The feature, later incorporated into Google Photos in 2015, was widely perceived as a game-changer, a proof of concept that computer vision software could classify images to human standards, adding value in several ways:

  • Users no longer needed to tag photos with labels like "beach" to categorize image content, eliminating a manual task that could become quite tedious when managing sets of hundreds or thousands of images.
  • Users could explore their collection of photos in new ways, using search terms to locate photos with objects they might never have tagged. For example, they could search for "palm tree" to surface all their vacation photos that had palm trees in the background.
  • Software could potentially "see" taxonomical distinctions that end users themselves might not be able to perceive (e.g., distinguishing Siamese and Abyssinian cats), effectively augmenting users' domain knowledge.

How Image Classification Works

Image classification is a supervised learning problem: define a set of target classes (objects to identify in images), and train a model to recognize them using labeled example photos. Early computer vision models relied on raw pixel data as the input to the model. However, as shown in Figure 2, raw pixel data alone doesn't provide a sufficiently stable representation to encompass the myriad variations of an object as captured in an image. The position of the object, background behind the object, ambient lighting, camera angle, and camera focus all can produce fluctuation in raw pixel data; these differences are significant enough that they cannot be corrected for by taking weighted averages of pixel RGB values.

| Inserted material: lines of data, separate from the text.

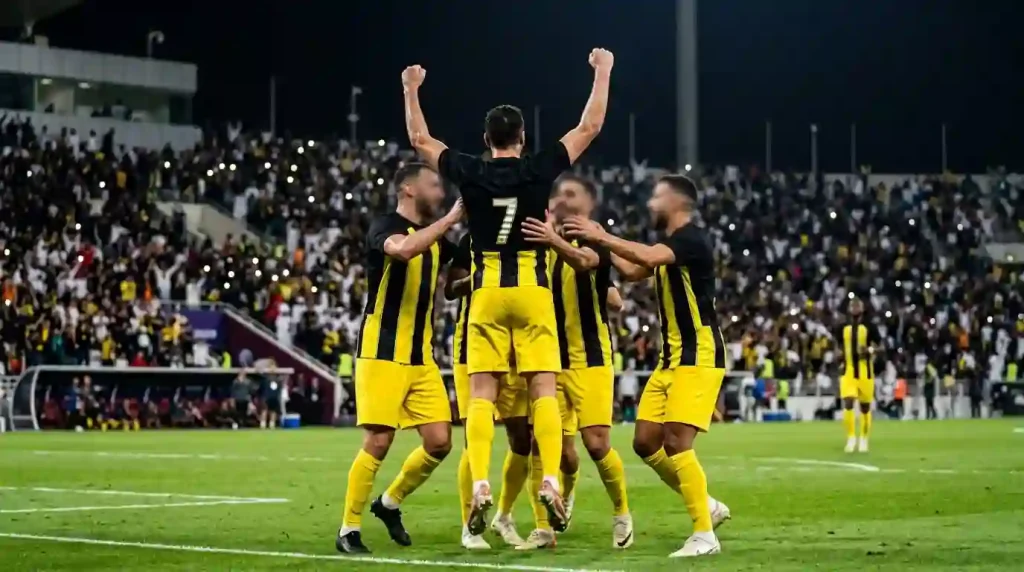 لاعبو الاتحاد يحتفلون بالهدف الثالث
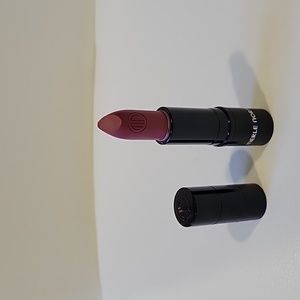 Merle Norman Embrace creamy lip colour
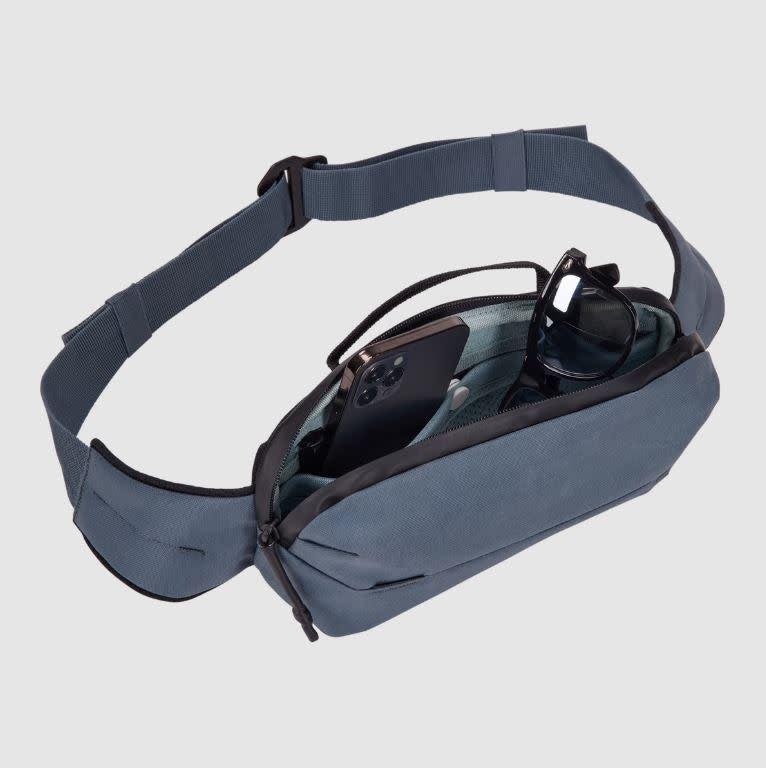 Aion Sling Bag - Nutria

collage of photos featuring cats in a variety of positions, with different
backgrounds and lighting conditions, and the resulting averaged pixel data from
the images Figure 2. Left: Cats can be captured in a photo in a variety of poses, with different backdrops and lighting conditions. Right: averaging pixel data to account for this variety does not produce any meaningful information.

To model objects more flexibly, classic computer vision models added new features derived from pixel data, such as color histograms, textures, and shapes. The downside of this approach was that feature engineering became a real burden, as there were so many inputs to tweak. For a cat classifier, which colors were most relevant? How flexible should the shape definitions be? Because features needed to be tuned so precisely, building robust models was quite challenging, and accuracy suffered.